Internal Packet Filter
TunnelMesh includes a built-in internal packet filter that controls which ports are accessible on each peer within the mesh. Default is secure: Allowlist mode (deny by default) unless explicitly configured otherwise. Only allowed ports are accessible.
Overview
Use coordinator for mesh-wide rules: Common ports like SSH and metrics should be allowed at the coordinator level. Use peer config for local services.
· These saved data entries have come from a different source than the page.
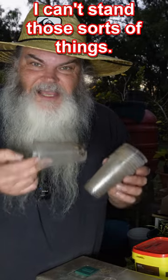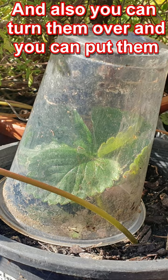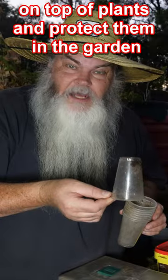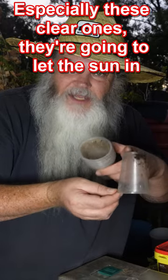Plastic drinkware — I can't stand these sorts of things, they're so wasteful. You can obviously grow seedlings in them and start off your plants that way. You can also turn them over and put them on top of plants to protect them in the garden. They're like a little greenhouse as well, especially these clear ones — they're going to let the sun in.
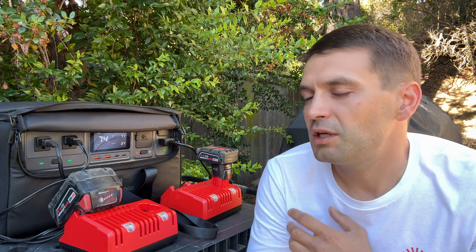It feels like a good quality power station. I've had a few DJI drones for six or seven years with no problems, so my assumption is the power station will be the same quality as DJI's drones. Alright guys, that's all for this video — thank you for watching and I'll see you in the next one. Bye.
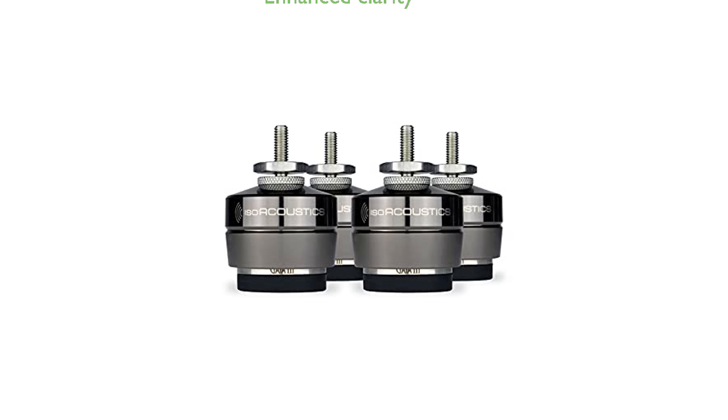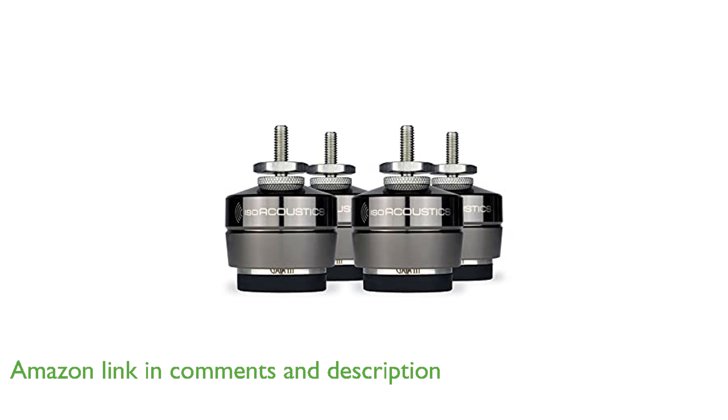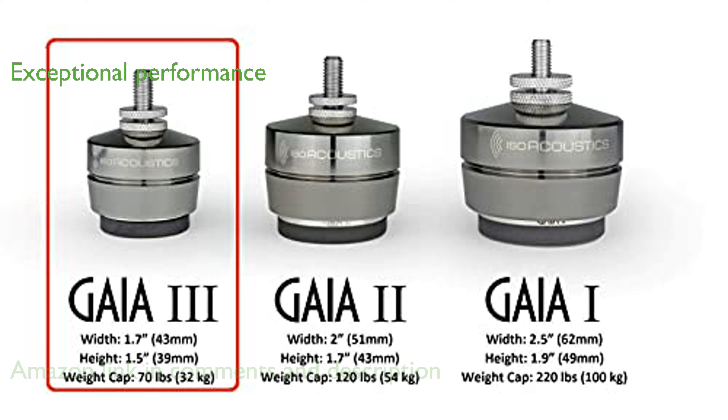The ISO Acoustics Gaia III isolation feet set significantly enhances sound clarity and openness for floor-standing speakers and subwoofers under 70 pounds. These isolation feet are designed to replace existing spikes or feet, providing exceptional acoustic performance with a sleek visual design.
Use temporary rules (CLI/admin panel) for testing before committing to config.
- Default deny mode: Block all incoming ports unless explicitly allowed (allowlist)
- Per-peer rules: Target specific source peers for fine-grained access control
- 4-layer rule system: Coordinator, peer config, temporary, and service rules merge together
- Real-time updates: Admin panel changes push to peers immediately
- Prometheus metrics: Track filtered packets with per-peer labels
Rule Hierarchy
Rules come from four sources, merged with "most restrictive wins" logic:
Conflict resolution: most restrictive wins. If any source says "deny", the port is denied. "allow" only wins if no source denies.
Service Ports
When a peer connects to the coordinator, the coordinator automatically pushes service port rules. These allow access to essential coordinator services:
- Admin dashboard port (typically 443 or 8080)
Service rules:
- Are shown in the admin UI with source "service"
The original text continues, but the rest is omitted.